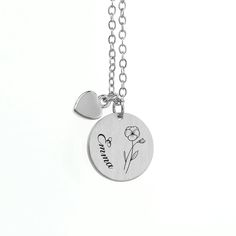 Treat her to a stylish and meaningful gift with our beautiful Personalised Birth Flower Brushed Heart and Disc Necklace. With its unique design, this necklace is perfect for any occasion. Whether you gift it to your mum this Mother’s Day, your girlfriend on Valentine’s or treat a loved one on their birthday, this outstanding piece of women’s jewellery will make the perfect gift for her. Personalise with your loved one’s name and their birth flower - both will be meticulously engraved onto the pendant by our personalisation exports - creating a truly one-of-a-kind gift that will hold real sentimental value to her. Alongside this will be a cute little heart pendant, representing your love - she’ll forever hold it close to her heart. Your necklace will come beautifully nestled inside in a sle Watch Locket, Watch Cufflinks, Executive Gifts, Jewelry Lockets, Summer Gifts, Your Mum, Childrens Jewelry, Disc Necklace, Gifts For Teachers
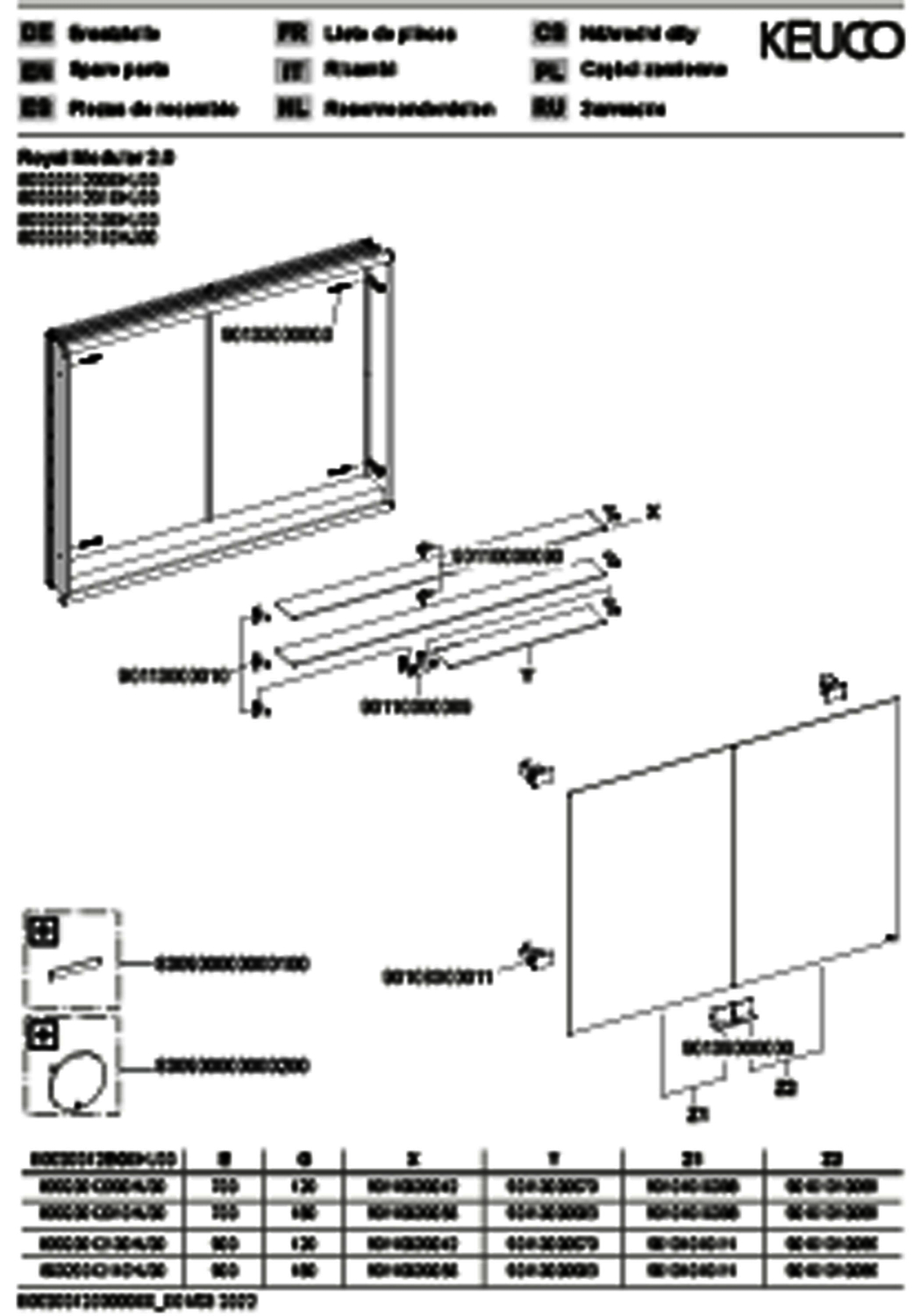 KEUCO Royal Modular 2.0 SPS, unbel. 80020, Einb,1Steckd/USB,sb-elox,1200x700x160mm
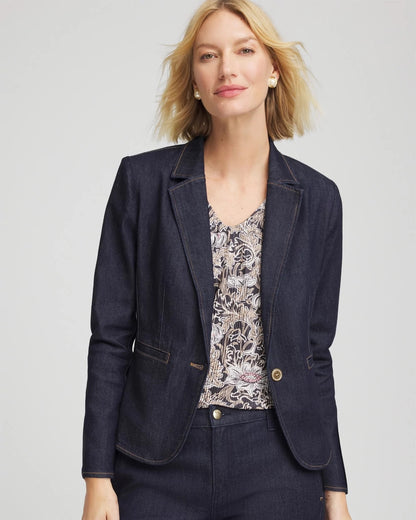Chico's Denim Peplum Blazer Cedar Rinse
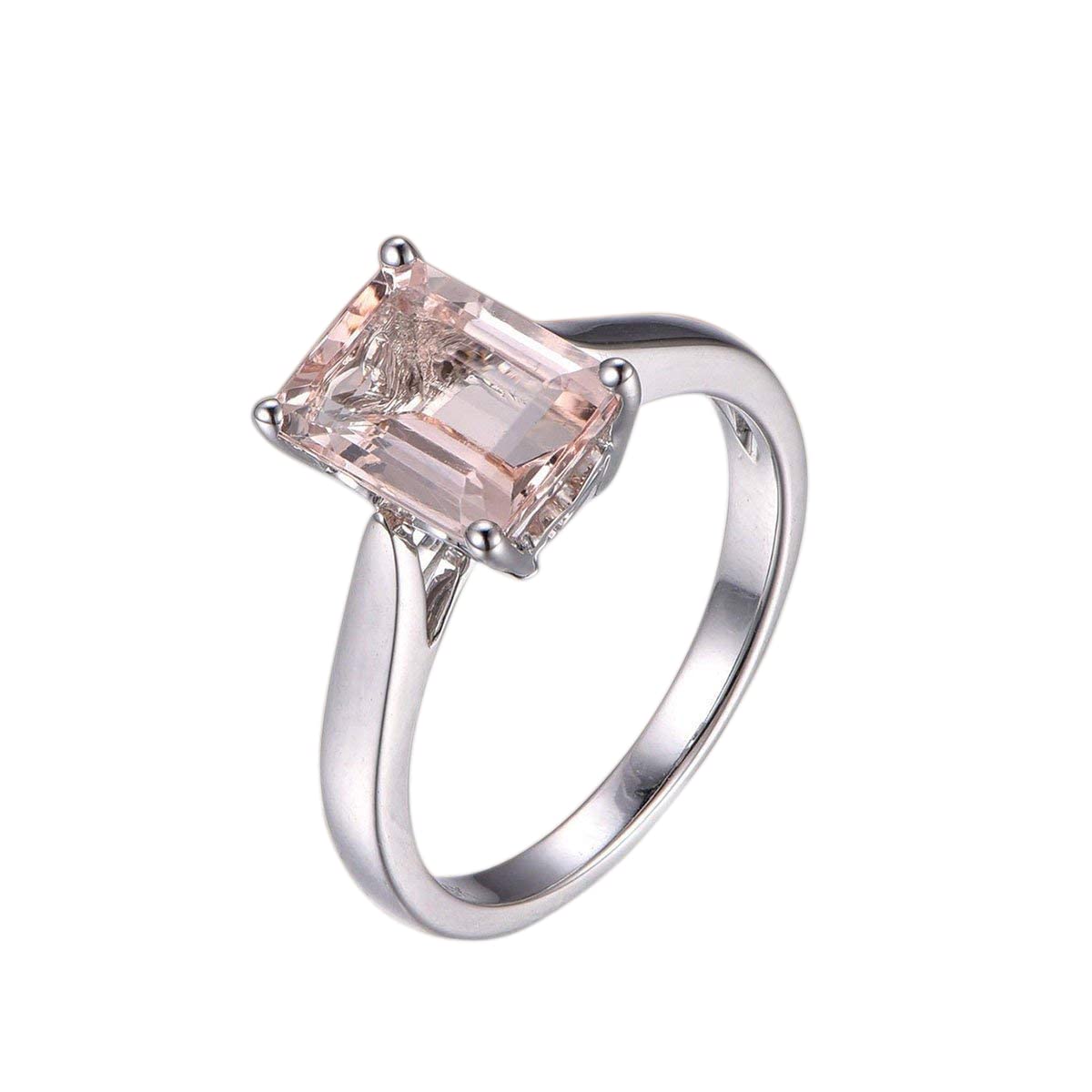 1.00 Carat Designer Emerald Cut Peachy Pink Morganite Engagement Ring - 18k Gold Plated - Perfect for Proposals, Anniversaries & Special Occasions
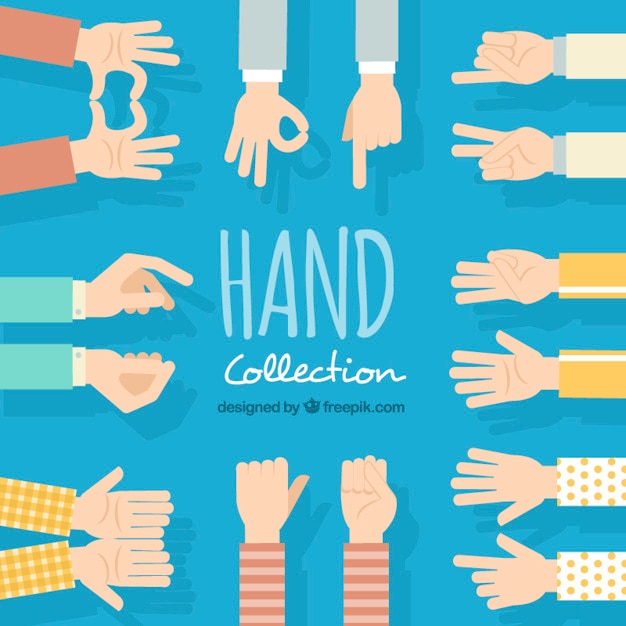 Vector variety of hands in flat design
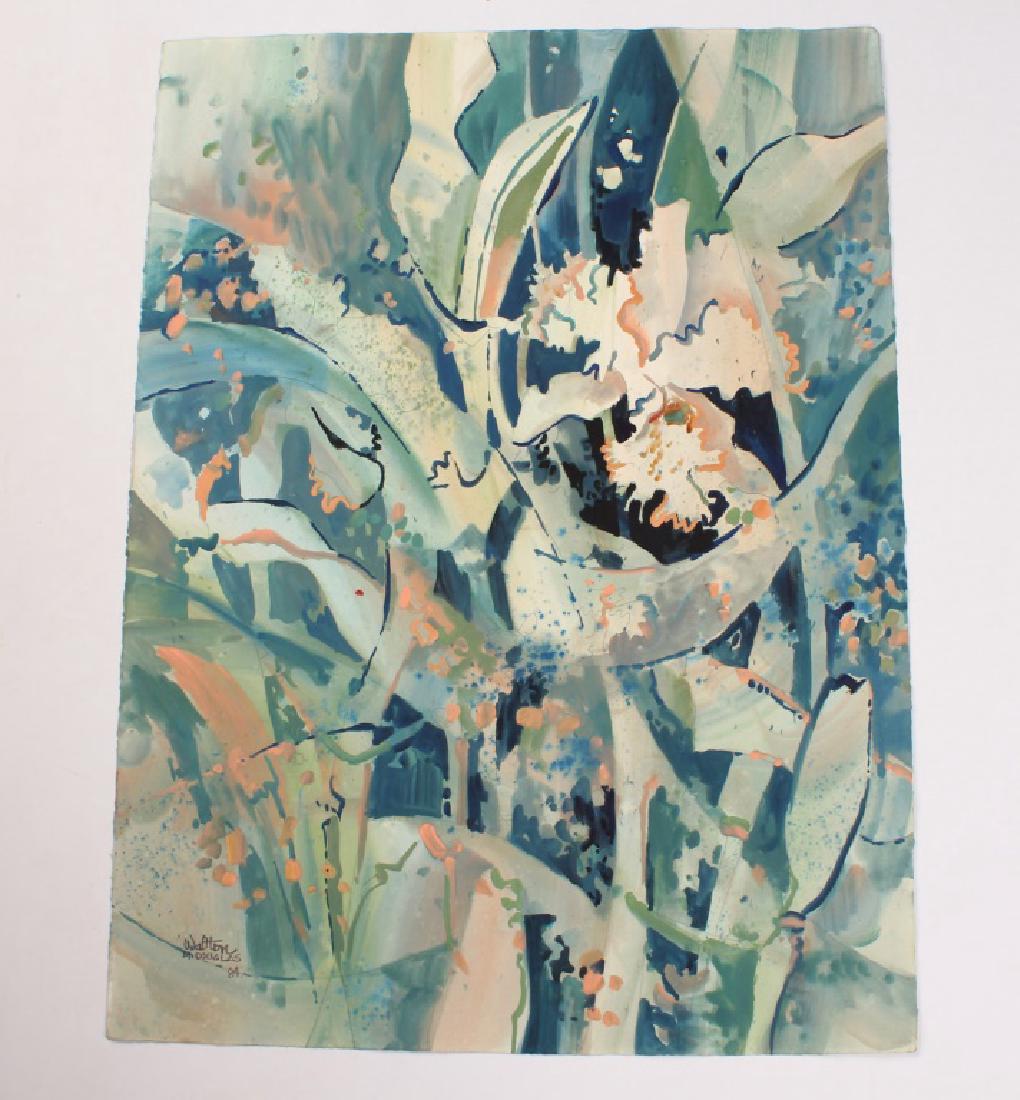 M. DOUGLAS WALTON FOLIAGE WATERCOLOR ON PAPER: M. DOUGLAS WALTON FOLIAGE WATERCOLOR ON PAPER M. Douglas Walton (American, contemporary) watercolor on paper depicting a foliage design. Signed and dated 1984 in the lower left corner. Unframed. Shipp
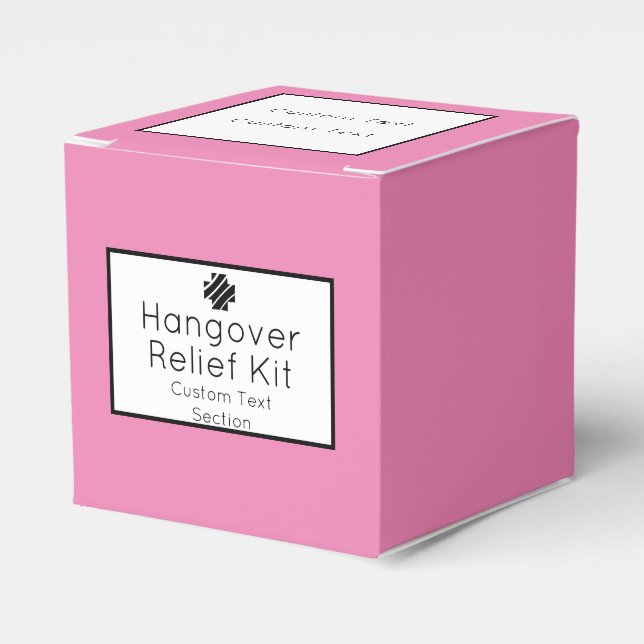 Bright Pink & Black Hangover Relief Kit Favor Boxes (Front Side)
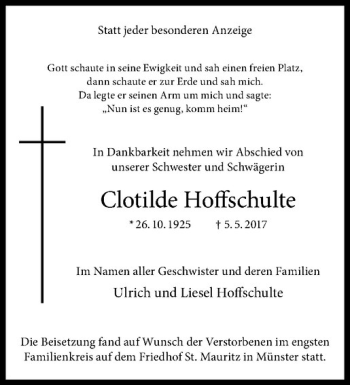 Anzeige von Clotilde Hoffschulte von Westfälische Nachrichten
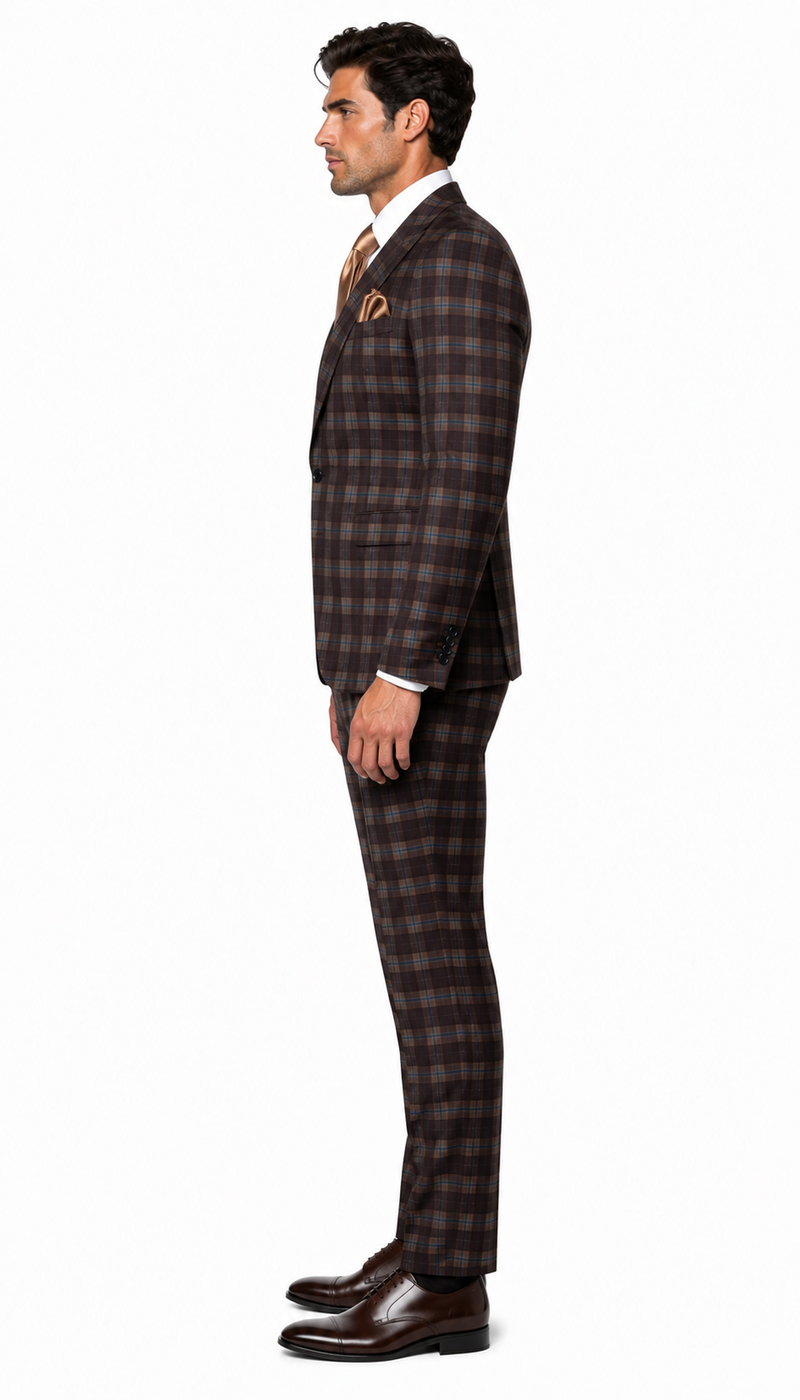 Rossi Man MAX RM1735 Slim Fit 3-Piece Brown Suit Modern Formalwear for Men
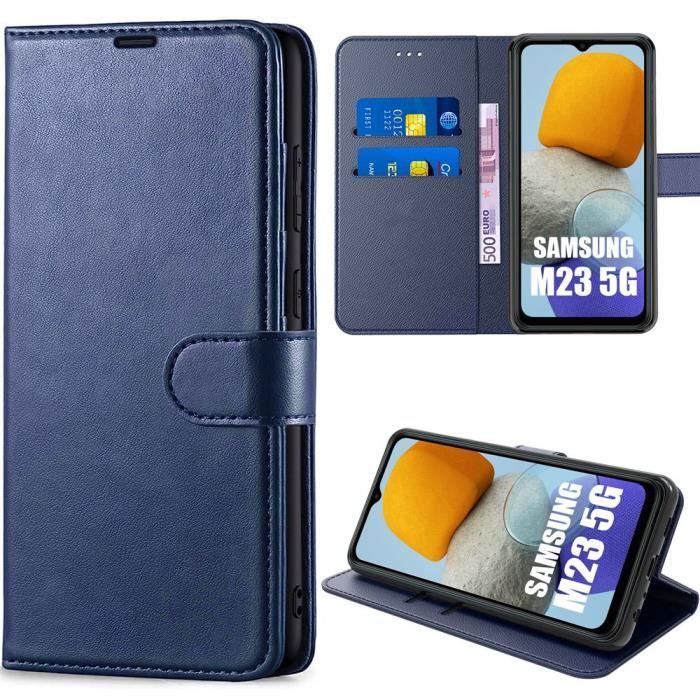 Coque pour Samsung Galaxy M23 5G Protection Cuir Synthétique Anti-Rayures - Bleu Marine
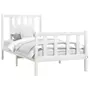 VIDAXL Cadre de lit avec tete de lit blanc bois de pin massif 90x200cm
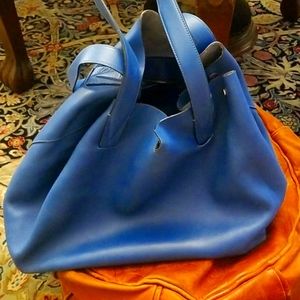 Vince.blue leather shoppers large bag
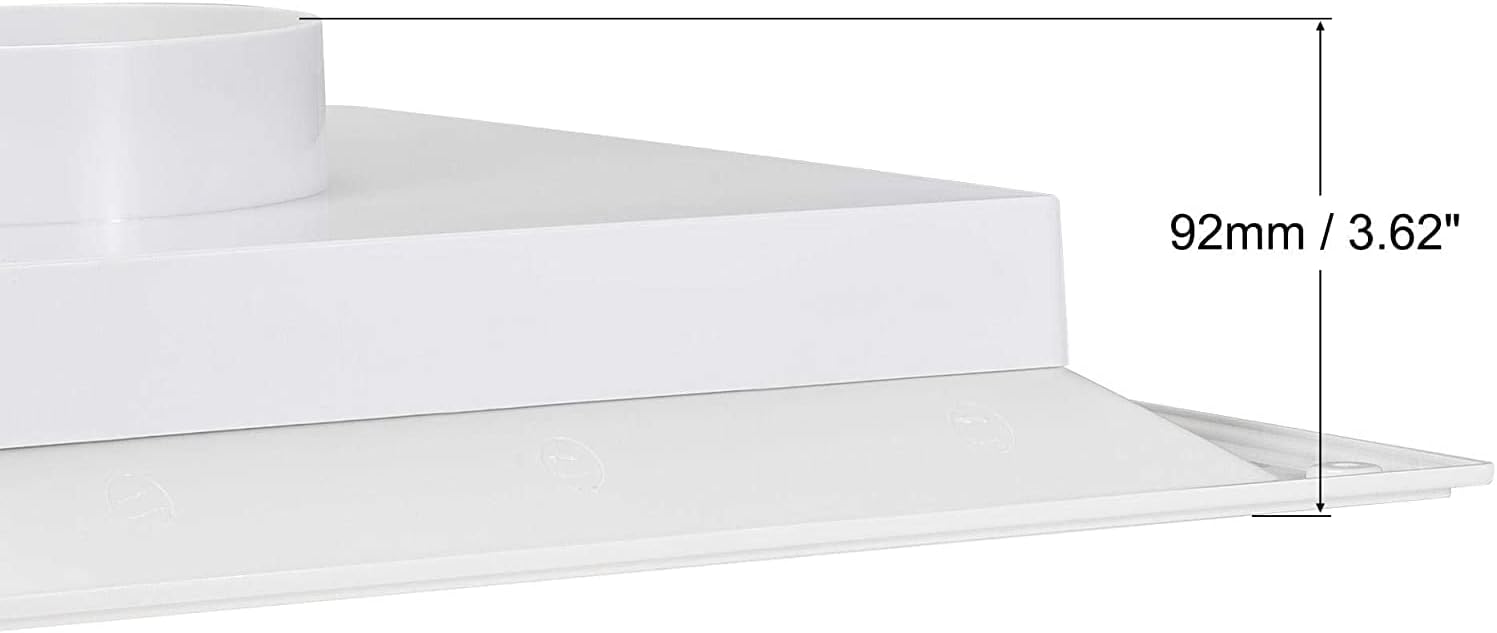 XYWHPGV 15.35 x 15.35 Inch Square Air Vent Duct Connector 5.91 Inch Dia CONDUCT for HVAC Ventilation Cooling Device ABS Plastic White (471b7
☆ ☆ ☆ ☆ ☆ ☆ ☆
» PROMPT
Output the data verbatim, images excluded.

» EXERCISE ANSWER
 Treat her to a stylish and meaningful gift with our beautiful Personalised Birth Flower Brushed Heart and Disc Necklace. With its unique design, this necklace is perfect for any occasion. Whether you gift it to your mum this Mother’s Day, your girlfriend on Valentine’s or treat a loved one on their birthday, this outstanding piece of women’s jewellery will make the perfect gift for her. Personalise with your loved one’s name and their birth flower - both will be meticulously engraved onto the pendant by our personalisation exports - creating a truly one-of-a-kind gift that will hold real sentimental value to her. Alongside this will be a cute little heart pendant, representing your love - she’ll forever hold it close to her heart. Your necklace will come beautifully nestled inside in a sle Watch Locket, Watch Cufflinks, Executive Gifts, Jewelry Lockets, Summer Gifts, Your Mum, Childrens Jewelry, Disc Necklace, Gifts For Teachers
 KEUCO Royal Modular 2.0 SPS, unbel. 80020, Einb,1Steckd/USB,sb-elox,1200x700x160mm
Chico's Denim Peplum Blazer Cedar Rinse
 1.00 Carat Designer Emerald Cut Peachy Pink Morganite Engagement Ring - 18k Gold Plated - Perfect for Proposals, Anniversaries & Special Occasions
 Vector variety of hands in flat design
 M. DOUGLAS WALTON FOLIAGE WATERCOLOR ON PAPER: M. DOUGLAS WALTON FOLIAGE WATERCOLOR ON PAPER M. Douglas Walton (American, contemporary) watercolor on paper depicting a foliage design. Signed and dated 1984 in the lower left corner. Unframed. Shipp
 Bright Pink & Black Hangover Relief Kit Favor Boxes (Front Side)
 Anzeige von Clotilde Hoffschulte von Westfälische Nachrichten
 Rossi Man MAX RM1735 Slim Fit 3-Piece Brown Suit Modern Formalwear for Men
 Coque pour Samsung Galaxy M23 5G Protection Cuir Synthétique Anti-Rayures - Bleu Marine
 VIDAXL Cadre de lit avec tete de lit blanc bois de pin massif 90x200cm
 Vince.blue leather shoppers large bag
 XYWHPGV 15.35 x 15.35 Inch Square Air Vent Duct Connector 5.91 Inch Dia CONDUCT for HVAC Ventilation Cooling Device ABS Plastic White (471b7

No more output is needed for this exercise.